Although the jobs data wasn’t bad, stocks headed lower out of the gate. The major press outlets called it profit taking, but in reality, it was the bond market that was the primary source of the problem on Friday – well, until the programs kicked in, that is.
Everybody knows that rising interest rates are not good for stocks. Everybody also knows that the Fed has no plans to raise interest rates anytime soon as most economists project that the FOMC will stay on the sidelines throughout 2010. However, it is important to keep in mind that the Fed doesn’t control market rates. And don’t look now fans, but interest rates spiked in December.
Although anyone who was actually at their desk on Friday would have preferred to see another lazy up day to pad their gains for the year, the move in the yield of the 10-year T-Note to a new high for the year was simply impossible to ignore. So, with yields pushing through 3.9% and the dollar rising, stocks moved lower and spent most of the day down 60 Dow points or so.
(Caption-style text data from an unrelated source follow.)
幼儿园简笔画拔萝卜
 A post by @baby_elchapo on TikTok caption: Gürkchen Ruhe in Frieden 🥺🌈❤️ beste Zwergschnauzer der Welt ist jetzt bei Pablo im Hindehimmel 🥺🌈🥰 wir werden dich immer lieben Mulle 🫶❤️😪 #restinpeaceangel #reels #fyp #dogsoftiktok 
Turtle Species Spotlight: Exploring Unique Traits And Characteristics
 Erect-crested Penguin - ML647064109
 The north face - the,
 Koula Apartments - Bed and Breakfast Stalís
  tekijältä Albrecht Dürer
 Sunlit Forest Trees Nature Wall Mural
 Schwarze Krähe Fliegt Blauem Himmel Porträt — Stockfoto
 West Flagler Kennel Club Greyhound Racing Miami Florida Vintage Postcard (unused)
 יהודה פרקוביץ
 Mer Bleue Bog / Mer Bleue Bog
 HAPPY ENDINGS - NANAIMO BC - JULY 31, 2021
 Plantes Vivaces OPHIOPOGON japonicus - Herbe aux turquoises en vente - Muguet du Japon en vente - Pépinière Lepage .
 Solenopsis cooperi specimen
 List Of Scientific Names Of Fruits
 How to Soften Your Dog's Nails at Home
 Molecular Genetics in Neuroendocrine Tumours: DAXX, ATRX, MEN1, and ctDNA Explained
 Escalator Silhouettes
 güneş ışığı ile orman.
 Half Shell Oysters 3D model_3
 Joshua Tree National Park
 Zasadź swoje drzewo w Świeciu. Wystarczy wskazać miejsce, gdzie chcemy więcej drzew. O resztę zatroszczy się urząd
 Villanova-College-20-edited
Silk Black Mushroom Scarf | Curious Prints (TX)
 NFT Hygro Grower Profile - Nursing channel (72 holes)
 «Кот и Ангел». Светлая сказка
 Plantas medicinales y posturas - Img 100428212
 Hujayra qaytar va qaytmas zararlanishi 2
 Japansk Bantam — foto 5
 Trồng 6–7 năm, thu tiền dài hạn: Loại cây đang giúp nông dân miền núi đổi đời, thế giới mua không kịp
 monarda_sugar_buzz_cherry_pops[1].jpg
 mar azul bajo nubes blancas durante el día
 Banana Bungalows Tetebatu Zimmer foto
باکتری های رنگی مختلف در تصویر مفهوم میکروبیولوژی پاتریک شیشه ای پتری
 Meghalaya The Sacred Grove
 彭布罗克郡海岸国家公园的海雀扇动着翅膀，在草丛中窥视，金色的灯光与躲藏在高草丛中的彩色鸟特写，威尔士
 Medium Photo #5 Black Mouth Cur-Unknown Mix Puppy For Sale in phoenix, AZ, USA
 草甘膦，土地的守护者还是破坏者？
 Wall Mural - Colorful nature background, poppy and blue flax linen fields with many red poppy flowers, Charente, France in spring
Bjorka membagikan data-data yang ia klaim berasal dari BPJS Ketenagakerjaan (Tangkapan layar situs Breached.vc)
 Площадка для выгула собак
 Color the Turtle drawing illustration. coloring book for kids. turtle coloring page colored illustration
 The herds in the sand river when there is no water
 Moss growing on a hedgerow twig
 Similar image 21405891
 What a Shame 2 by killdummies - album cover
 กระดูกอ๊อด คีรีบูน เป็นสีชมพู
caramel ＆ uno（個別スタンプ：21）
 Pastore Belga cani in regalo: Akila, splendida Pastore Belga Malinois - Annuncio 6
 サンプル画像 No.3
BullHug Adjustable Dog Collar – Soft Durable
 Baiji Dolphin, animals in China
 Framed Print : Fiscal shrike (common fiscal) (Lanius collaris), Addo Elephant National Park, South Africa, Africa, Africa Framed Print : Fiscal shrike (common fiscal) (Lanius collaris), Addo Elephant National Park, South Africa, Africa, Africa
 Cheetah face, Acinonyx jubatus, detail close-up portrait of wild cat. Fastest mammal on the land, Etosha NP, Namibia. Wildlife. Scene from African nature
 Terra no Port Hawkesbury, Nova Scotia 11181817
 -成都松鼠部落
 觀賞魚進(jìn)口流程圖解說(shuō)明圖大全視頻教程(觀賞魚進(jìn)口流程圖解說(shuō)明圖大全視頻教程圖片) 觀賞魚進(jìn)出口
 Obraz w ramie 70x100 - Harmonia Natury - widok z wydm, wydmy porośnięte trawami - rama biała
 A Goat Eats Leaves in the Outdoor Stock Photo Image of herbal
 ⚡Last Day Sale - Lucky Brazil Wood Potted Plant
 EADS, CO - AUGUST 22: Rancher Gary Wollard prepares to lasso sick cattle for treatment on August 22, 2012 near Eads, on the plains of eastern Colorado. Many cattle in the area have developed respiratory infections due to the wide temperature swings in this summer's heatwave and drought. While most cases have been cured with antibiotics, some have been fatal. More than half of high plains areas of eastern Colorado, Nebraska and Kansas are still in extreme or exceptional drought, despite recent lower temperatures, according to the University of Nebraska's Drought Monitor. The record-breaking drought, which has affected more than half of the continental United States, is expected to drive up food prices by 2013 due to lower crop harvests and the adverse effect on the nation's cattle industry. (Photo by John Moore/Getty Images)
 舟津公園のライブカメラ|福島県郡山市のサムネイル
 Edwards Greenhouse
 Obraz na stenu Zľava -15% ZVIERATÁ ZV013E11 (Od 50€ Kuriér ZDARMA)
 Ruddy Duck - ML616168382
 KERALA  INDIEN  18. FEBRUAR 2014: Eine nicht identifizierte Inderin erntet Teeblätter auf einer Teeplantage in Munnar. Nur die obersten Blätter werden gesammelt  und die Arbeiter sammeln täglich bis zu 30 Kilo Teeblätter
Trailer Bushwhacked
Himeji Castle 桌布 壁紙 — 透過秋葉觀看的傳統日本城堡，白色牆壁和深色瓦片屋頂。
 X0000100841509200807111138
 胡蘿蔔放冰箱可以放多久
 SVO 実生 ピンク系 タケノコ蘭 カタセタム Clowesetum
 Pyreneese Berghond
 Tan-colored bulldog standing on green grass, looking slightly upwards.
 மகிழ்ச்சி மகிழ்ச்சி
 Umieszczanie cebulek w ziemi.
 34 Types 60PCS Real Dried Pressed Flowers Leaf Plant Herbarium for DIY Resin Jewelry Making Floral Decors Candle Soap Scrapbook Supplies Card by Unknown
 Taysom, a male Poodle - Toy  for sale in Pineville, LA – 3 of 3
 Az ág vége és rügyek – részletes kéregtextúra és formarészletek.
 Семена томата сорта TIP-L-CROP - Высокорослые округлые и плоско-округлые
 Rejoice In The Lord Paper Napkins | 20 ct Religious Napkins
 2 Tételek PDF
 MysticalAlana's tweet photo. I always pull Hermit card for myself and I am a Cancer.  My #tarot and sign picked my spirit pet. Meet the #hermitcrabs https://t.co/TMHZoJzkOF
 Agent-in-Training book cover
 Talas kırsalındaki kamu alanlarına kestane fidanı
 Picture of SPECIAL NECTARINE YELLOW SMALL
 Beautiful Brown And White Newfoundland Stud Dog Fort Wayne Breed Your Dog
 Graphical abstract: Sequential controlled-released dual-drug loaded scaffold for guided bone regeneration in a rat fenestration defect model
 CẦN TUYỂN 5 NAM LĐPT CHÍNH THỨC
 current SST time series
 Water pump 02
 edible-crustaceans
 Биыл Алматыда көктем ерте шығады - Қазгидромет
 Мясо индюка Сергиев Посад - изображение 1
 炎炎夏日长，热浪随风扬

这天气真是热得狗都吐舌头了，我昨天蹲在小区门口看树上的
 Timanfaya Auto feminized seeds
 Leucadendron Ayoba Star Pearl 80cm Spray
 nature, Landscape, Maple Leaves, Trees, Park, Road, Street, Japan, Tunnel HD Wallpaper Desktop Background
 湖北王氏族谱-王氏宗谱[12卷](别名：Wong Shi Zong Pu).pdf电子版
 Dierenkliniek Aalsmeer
Then, just about the time everyone started packing up the briefcase and was checking on their dinner reservations and party plans, somebody somewhere decided to have some fun with their computers. The sell programs pushed stocks down 75 points in about 20 minutes and with nobody home in the bull camp to defend their turf, stocks finished at the lows of the day.
The good news is that only the DJIA, which has been a laggard for the past month, wound up in trouble on a chart basis after the dust settled. For the S&P, NASDAQ, and Russell, the quick drop appeared to be simply a pullback in an ongoing uptrend. So, unless rates continue to rise or something comes out of the woodwork, we’ll chalk up Friday’s action to fun and games with computers and get ready to start the game anew this morning.
Turning to this morning, we don’t have any economic data to review before the bell. However, we will get the ISM Manufacturing and Construction Spending reports at 10:00 am eastern.
Running through the rest of the pre-game indicators, the overseas markets are mostly higher. Crude futures are up with the latest quote showing oil trading higher by $1.62 to $80.98. On the interest rate front, we’ve got the yield on the 10-yr trading at 3.85%, while the yield on the 3-month T-Bill is at 0.08%. Next, gold is moving up by $22.50 and the dollar is higher against the Yen and Pound, but lower versus the Euro. Finally, with about 60 minutes before the bell, stock futures in the U.S. are pointing to nice start to 2010. The Dow futures are currently ahead by about 50 points; the S&P’s are up about 6 points, while the NASDAQ looks to be about 17 points above fair value at the moment.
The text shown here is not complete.